Un rôle assez moteur, en particulier depuis 2005, la lutte contre l’immigration clandestine étant l’une des promesses de campagne de Nicolas Sarkozy. Mais la France n’a plus le contrôle de ses frontières extérieures, et rien n’est possible sans une coordination européenne et des discussions avec les pays d’émigration. Paris a donc intérêt à ce que le problème soit envisagé à l’échelle européenne. Ainsi, en 2008, lorsqu’elle présidait l’Union, elle a fait adopter un pacte sur l’immigration et l’asile aux termes duquel les pays membres se sont engagés, entre autres, à ne pas procéder à des régularisations massives dans la mesure où celles-ci reviennent à faire entrer, sans l’avis des partenaires européens, un grand nombre de personnes dans l’espace Schengen.
Quelle pourrait être une politique alternative ? L’ouverture totale des frontières ?

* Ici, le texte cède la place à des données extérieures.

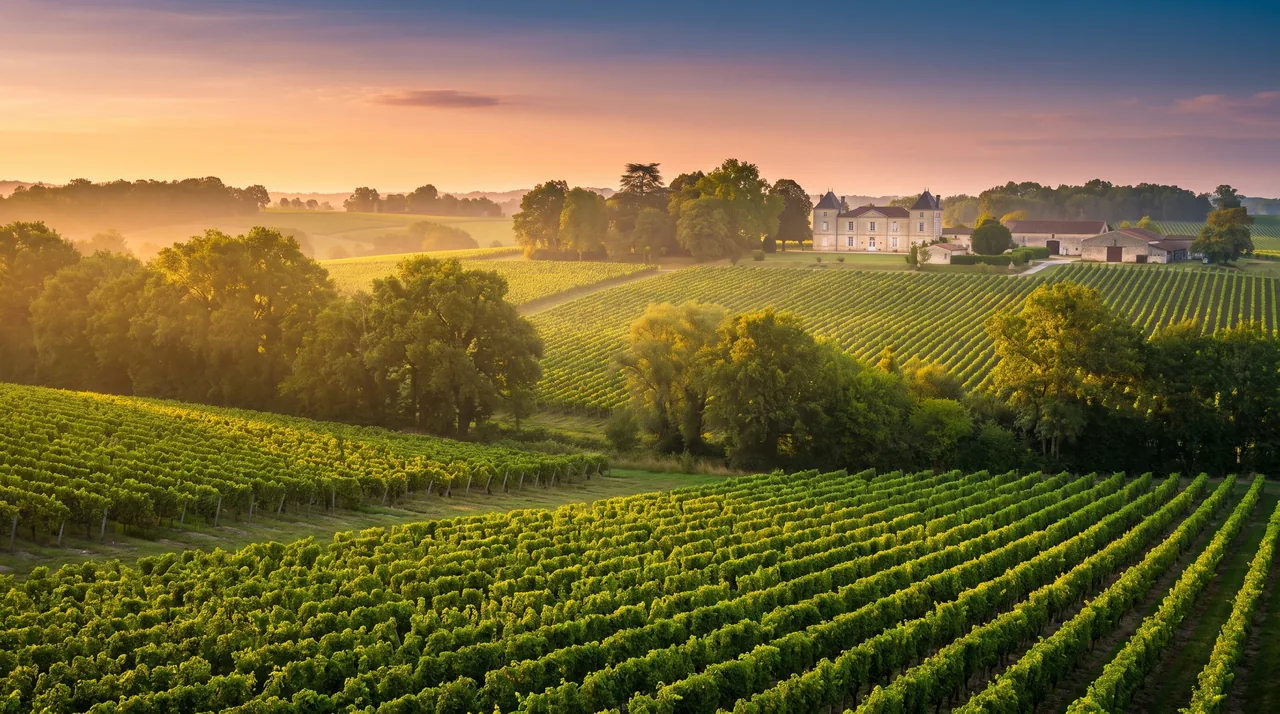 Rangs de vignes de Bordeaux sur des coteaux doux près de Virsac au soleil couchant, manoir de pierre au loin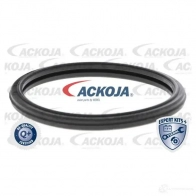 Термостат ож ACKOJA 1424883041 4062375075126 OCBPP V a38990015 - Изображение 2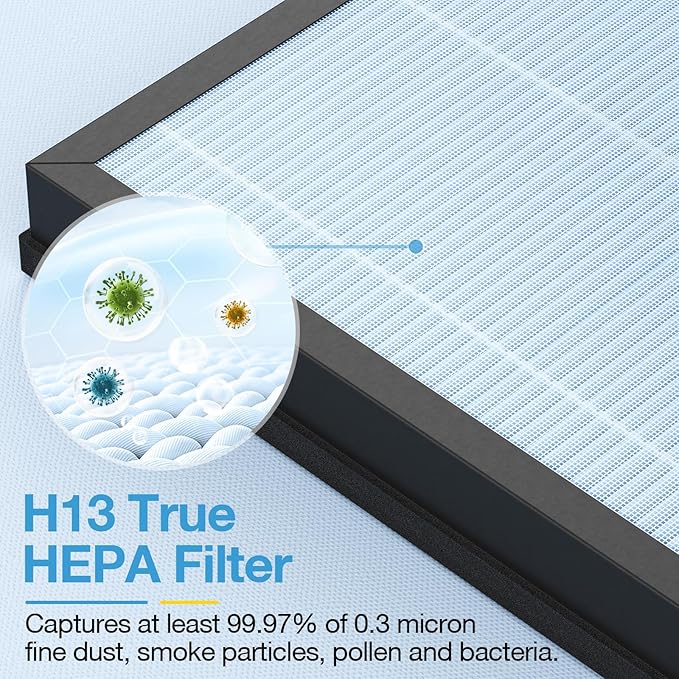 2 Pack HAP603 Replacement Filter Compatible with ECOSELF HAP603 / HAP603WF Air Purifier, Air Purifiers Replacement Filter for Home Large Room, # RFHAP603_2P_BLU, Blue
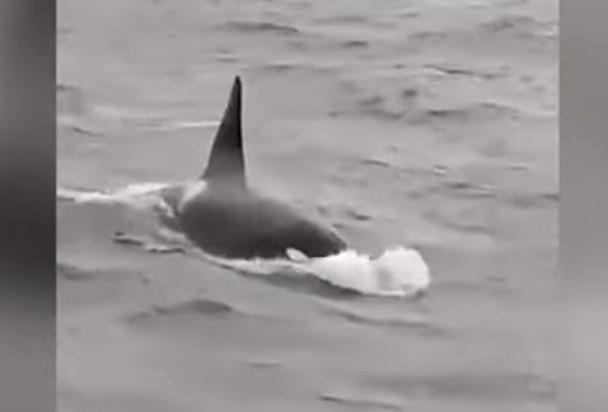 拚盘/北部塞纳河死亡杀人鲸 解剖发现头颅有子弹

Les libéraux purs et durs y sont favorables car, pour eux, la libre circulation des biens et des personnes est un principe intangible. De plus, certains estiment que nous avons besoin de nous appuyer sur le dynamisme démographique du Sud pour soutenir nos économies. De leur côté, des mouvements classés à gauche comme les « No Borders » veulent aussi l’ouverture des frontières parce qu’ils jugent que les impératifs humanitaires l’emportent sur tout le reste. Je ne juge pas scandaleux pour ma part qu’une personne qui s’est vu refuser l’asile n’ait pas la possibilité de s’installer en Europe. Encore faut-il que ceux qui le souhaitent puissent faire cette demande. Or c’est de plus en plus difficile. En outre, nombre de ceux que j’ai interrogés sur le terrain pensent que si l’on ouvrait un peu plus les canaux de l’immigration légale, il y aurait moins de gens prêts à se lancer dans des aventures périlleuses. Un certain assouplissement permettrait sans doute de réguler les flux de manière plus harmonieuse. Bien sûr, la nécessité de contrôler les frontières existera toujours. Mais le plus important pour l’Europe est bien de réfléchir à ces questions de façon concertée en fonction des besoins économiques et des engagements juridiques et humanitaires, et pas seulement sous l’angle de la répression.
Diplômé de l’Institut d’études politiques de Rennes et titulaire d’un master en droit communautaire, Eric L’Helgoualc’h est consultant en communication. Il a travaillé auparavant au Centre d’information sur l’Europe, au sein duquel il a contribué à la création du site Touteleurope.fr. Il publie Panique aux frontières. Enquête sur cette Europe qui se ferme (Ed. Max Milo).